Refactor user saving

[RohanM]

At the moment, the saving logic for user management (not user registration) is split between the controller and the model. It was set up this way because the user.save() method won't work directly - many users in the database have missing fields, so the validations fail.

There's a Better Way. We could create a base class for User, called UserWithoutValidations, and then have User inherit from it. We could then use UserWithoutValidations for the admin interface, and the User class for registration.

Once we had this in place, we could perform all saving for the admin interface through the UserWithoutValidations model. Instead of having a number of setter methods (ie. update_role!, add_datasets! etc.), we could perform these actions in a before_update hook. This hook would need to handle partial data, such as having only the datasets_cat_a_to_add attr set. Essentially, we'd be moving the controller and model setter code into this update hook.

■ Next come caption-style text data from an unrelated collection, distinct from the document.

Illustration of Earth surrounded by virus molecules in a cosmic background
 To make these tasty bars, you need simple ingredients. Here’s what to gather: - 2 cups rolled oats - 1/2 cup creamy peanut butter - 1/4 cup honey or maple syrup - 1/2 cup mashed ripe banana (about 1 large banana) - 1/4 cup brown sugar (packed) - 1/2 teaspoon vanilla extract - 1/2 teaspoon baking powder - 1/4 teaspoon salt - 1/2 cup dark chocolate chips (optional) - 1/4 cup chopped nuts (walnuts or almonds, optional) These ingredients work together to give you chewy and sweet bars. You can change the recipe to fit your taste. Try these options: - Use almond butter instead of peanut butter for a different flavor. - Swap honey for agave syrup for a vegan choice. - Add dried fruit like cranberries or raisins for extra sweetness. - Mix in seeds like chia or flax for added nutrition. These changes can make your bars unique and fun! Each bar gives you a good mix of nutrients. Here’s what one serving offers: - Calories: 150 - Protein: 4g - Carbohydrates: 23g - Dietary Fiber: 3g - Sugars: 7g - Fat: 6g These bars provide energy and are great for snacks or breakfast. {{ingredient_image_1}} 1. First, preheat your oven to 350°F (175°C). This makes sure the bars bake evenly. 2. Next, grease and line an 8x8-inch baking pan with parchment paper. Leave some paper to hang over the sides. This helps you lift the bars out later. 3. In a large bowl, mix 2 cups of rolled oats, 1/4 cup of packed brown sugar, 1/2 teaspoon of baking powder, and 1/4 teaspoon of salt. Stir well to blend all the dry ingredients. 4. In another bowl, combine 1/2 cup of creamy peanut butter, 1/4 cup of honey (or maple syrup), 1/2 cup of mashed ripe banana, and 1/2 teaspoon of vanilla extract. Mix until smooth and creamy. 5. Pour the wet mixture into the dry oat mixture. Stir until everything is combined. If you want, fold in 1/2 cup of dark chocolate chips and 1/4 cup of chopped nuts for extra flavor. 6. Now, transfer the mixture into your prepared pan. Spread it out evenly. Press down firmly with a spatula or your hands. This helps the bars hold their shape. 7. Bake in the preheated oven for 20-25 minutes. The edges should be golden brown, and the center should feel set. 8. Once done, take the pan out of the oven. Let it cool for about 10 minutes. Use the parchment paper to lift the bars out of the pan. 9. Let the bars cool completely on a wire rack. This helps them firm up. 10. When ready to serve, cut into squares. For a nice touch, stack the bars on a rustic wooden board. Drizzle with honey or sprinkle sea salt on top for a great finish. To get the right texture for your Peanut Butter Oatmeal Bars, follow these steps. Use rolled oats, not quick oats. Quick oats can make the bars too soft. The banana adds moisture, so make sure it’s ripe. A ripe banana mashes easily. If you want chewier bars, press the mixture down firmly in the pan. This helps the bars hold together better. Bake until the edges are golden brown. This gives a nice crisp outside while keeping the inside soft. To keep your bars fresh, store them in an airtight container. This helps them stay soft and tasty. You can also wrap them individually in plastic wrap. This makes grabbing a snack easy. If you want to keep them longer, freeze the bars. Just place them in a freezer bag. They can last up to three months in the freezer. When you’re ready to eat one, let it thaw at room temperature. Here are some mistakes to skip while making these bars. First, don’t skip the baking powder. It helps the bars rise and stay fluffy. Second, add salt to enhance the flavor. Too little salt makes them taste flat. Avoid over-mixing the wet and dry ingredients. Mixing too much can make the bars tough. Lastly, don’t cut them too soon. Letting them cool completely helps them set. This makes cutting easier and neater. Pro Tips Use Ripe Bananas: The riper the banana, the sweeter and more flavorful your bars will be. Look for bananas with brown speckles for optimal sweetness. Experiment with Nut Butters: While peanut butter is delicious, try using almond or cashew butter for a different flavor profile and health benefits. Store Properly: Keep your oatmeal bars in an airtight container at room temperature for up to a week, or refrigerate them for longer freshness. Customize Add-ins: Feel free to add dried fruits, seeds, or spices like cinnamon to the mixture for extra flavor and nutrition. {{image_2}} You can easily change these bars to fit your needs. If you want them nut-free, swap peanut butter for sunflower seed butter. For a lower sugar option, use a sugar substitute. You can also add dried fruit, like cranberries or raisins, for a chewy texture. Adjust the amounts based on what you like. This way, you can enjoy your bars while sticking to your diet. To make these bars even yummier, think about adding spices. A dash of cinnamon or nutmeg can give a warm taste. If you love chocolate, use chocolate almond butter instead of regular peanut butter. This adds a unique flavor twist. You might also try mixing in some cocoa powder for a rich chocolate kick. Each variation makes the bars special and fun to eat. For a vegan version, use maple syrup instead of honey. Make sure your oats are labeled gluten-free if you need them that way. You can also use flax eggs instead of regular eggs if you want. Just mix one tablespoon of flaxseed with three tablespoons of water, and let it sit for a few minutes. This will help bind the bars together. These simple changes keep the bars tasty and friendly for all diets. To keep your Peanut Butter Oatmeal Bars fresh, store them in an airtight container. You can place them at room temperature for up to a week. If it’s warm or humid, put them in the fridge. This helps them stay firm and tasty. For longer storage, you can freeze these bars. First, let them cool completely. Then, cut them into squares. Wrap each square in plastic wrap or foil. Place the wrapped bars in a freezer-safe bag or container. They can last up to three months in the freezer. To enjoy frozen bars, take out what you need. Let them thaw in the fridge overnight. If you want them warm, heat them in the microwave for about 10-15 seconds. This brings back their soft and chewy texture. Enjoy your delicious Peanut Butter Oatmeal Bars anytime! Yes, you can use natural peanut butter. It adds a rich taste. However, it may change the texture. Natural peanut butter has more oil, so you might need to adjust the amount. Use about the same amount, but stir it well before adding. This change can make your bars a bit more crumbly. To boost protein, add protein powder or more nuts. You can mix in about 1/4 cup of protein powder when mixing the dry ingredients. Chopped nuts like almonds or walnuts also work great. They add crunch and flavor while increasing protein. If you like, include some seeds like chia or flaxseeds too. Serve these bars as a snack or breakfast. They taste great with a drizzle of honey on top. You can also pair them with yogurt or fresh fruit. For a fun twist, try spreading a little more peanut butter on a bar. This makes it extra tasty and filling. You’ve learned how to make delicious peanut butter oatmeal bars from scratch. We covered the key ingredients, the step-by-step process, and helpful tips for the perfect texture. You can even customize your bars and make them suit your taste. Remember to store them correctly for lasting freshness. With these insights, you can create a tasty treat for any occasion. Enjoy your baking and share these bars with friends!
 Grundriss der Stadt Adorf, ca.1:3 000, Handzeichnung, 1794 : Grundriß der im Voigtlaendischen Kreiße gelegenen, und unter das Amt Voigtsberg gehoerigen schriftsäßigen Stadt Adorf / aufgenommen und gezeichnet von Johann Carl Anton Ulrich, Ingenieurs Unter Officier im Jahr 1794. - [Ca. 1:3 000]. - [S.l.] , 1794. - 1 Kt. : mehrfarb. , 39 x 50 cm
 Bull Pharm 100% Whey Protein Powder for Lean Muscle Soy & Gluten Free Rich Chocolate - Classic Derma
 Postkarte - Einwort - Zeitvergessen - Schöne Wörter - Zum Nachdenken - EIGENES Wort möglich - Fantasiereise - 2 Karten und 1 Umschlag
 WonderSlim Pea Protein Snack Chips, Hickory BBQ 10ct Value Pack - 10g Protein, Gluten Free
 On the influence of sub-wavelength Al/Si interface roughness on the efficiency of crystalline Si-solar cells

The controller could then simply call update_attributes(), and all the business of saving would be handled by the model, where it belongs.

[odf]

Another possibility would be to set a (non-persistent) flag in the user instance when saving via the admin interface and then use the :unless option on validations that should be skipped in that case. Your idea sounds cleaner, though.

[RohanM]

I've implemented it as the sub/super class arrangement for now. If the split between the two files becomes confusing, I'll consider changing to the validation :unless method.

[odf]

I've had another idea earlier today: couldn't we just split the user model into one that contains the absolutely essentials that have to be there, such as username, password and email, and one that contains all the personal details? The latter would then be fully validated upon registration, but the admin interface could call safe_without_validation (or whatever the method is called) for any records that didn't come in valid.

[RohanM]

I'm using update_attributes in this case, and it looks like there's no easy way to circumvent validations with that call (unlike with save). The User / UserWithoutValidations model split seems like the best solution at the moment.